TASK DIRECTIONS
What you need to produce from the material below is an exact transcription of the lines from the one with "亚马逊跨境电商运营模式(亚马逊跨境电商运营实战)" through the one with "Ballistics parola concetto", both included, and no other line.

RECORDS FOR PROCESSING
--- START ---
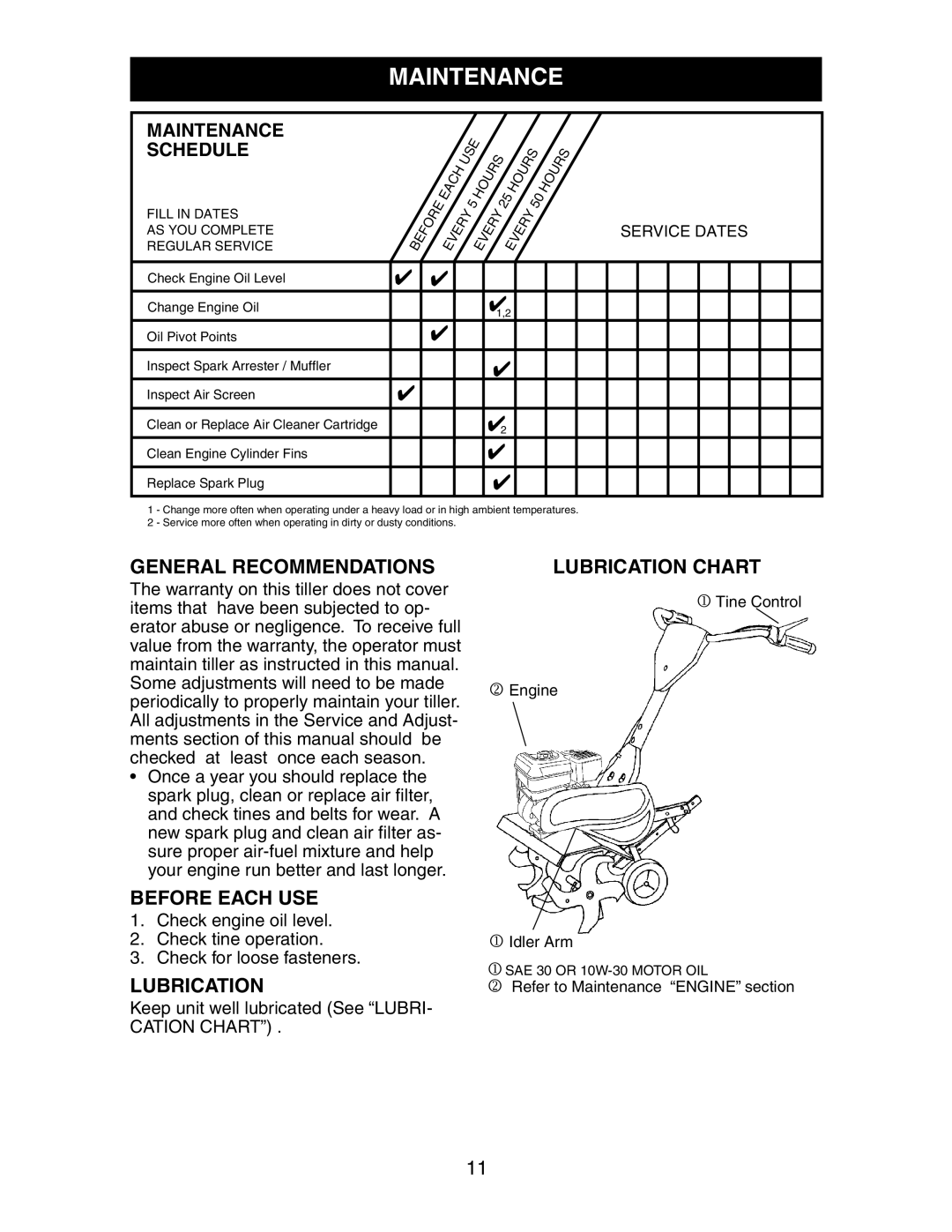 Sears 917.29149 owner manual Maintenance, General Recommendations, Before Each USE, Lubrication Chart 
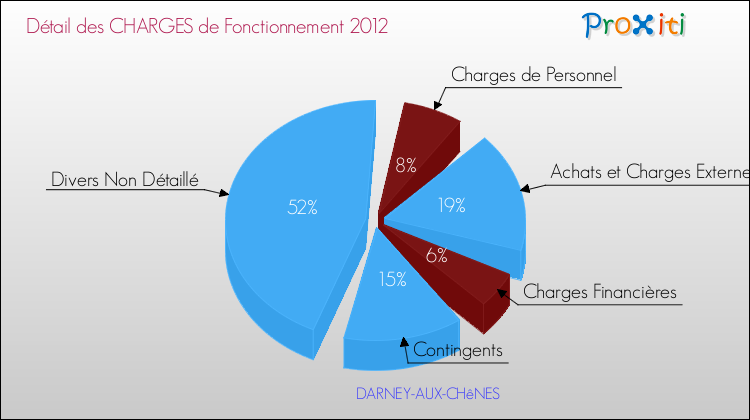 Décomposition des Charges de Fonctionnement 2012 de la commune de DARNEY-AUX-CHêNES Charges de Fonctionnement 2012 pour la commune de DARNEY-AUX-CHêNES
--- END ---
--- START ---
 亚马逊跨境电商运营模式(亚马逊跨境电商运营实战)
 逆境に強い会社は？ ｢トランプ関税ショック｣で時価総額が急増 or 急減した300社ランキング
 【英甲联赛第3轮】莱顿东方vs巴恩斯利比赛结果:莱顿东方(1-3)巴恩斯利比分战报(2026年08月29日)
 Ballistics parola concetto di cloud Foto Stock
--- END ---
RESPONSE FOR THIS EXERCISE
 亚马逊跨境电商运营模式(亚马逊跨境电商运营实战)
 逆境に強い会社は？ ｢トランプ関税ショック｣で時価総額が急増 or 急減した300社ランキング
 【英甲联赛第3轮】莱顿东方vs巴恩斯利比赛结果:莱顿东方(1-3)巴恩斯利比分战报(2026年08月29日)
 Ballistics parola concetto di cloud Foto Stock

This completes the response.